Is right shift undefined behavior if the count is larger than the width of the type?
I just checked the C++ standard. It seems the following code should NOT be undefined behavior:
unsigned int val = 0x0FFFFFFF;
unsigned int res = val >> 34; // res should be 0 by C++ standard,
// but GCC gives warning and res is 67108863
And from the standard:
The value of E1 >> E2 is E1 right-shifted E2 bit positions. If E1 has an unsigned type or if E1 has a signed type and a non-negative value, the value of the result is the integral part of the quotient of E1/2^E2. If E1 has a signed type and a negative value, the resulting value is implementation-defined.
According to the standard, since 34 is NOT an negative number, the variable res
will be 0.
GCC gives the following warning for the code snippet, and res
is 67108863
:
warning: right shift count >= width of type
I also checked the assembly code emitted by GCC. It just calls SHRL
, and the Intel instruction document for SHRL, the res
is not ZERO.
So does that mean GCC doesn't implement the standard behavior on Intel platform?
Solution 1:
The draft C++ standard in section 5.8
Shift operators in paragraph 1 says(emphasis mine):
The type of the result is that of the promoted left operand. The behavior is undefined if the right operand is negative, or greater than or equal to the length in bits of the promoted left operand.

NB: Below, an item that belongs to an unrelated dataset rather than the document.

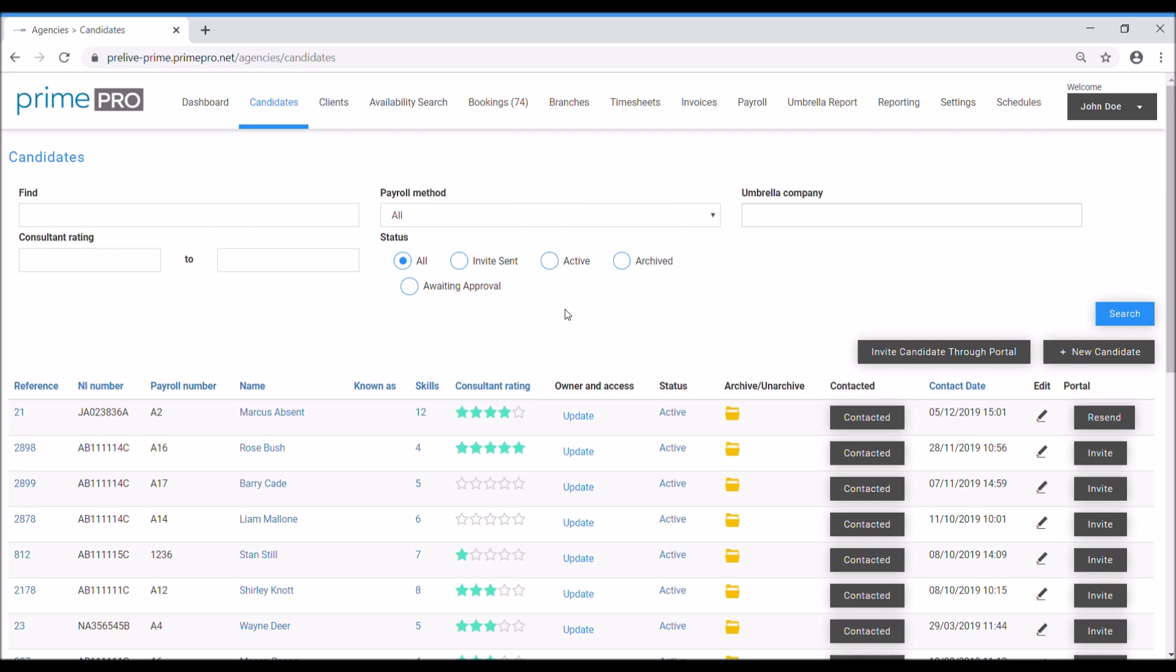Hello and welcome to PrimePro Video. Today we are going to be going through the process of setting up a new candidate. First, come to the candidates tab and then on the right hand side click the new candidate button.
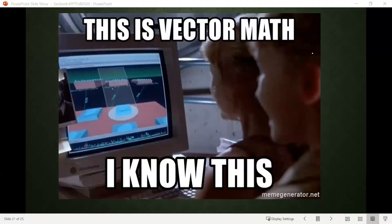Greetings everyone. Welcome to the fifth part of the video for section 8.4. Continuing on with our study of vectors, in this section we'll be looking at doing an application problem that takes a bunch of the processes we've been working on with vectors and puts them all together.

So if unsigned int is 32 bits
or less then this is undefined which is exactly the warning that gcc
is giving you.
Solution 2:
To explain exactly what happens:
The compiler will load 34
into a register, and then your constant in another register, and perform a right shift operation with those two registers. The x86 processor performs a "shiftcount % bits" on the shift value, meaning that you get a right-shift by 2.
And since 0x0FFFFFFF (268435455 decimal) divided by 4 = 67108863, that's the result you see.
If you had a different processor, for example a PowerPC (I think), it may well give you zero.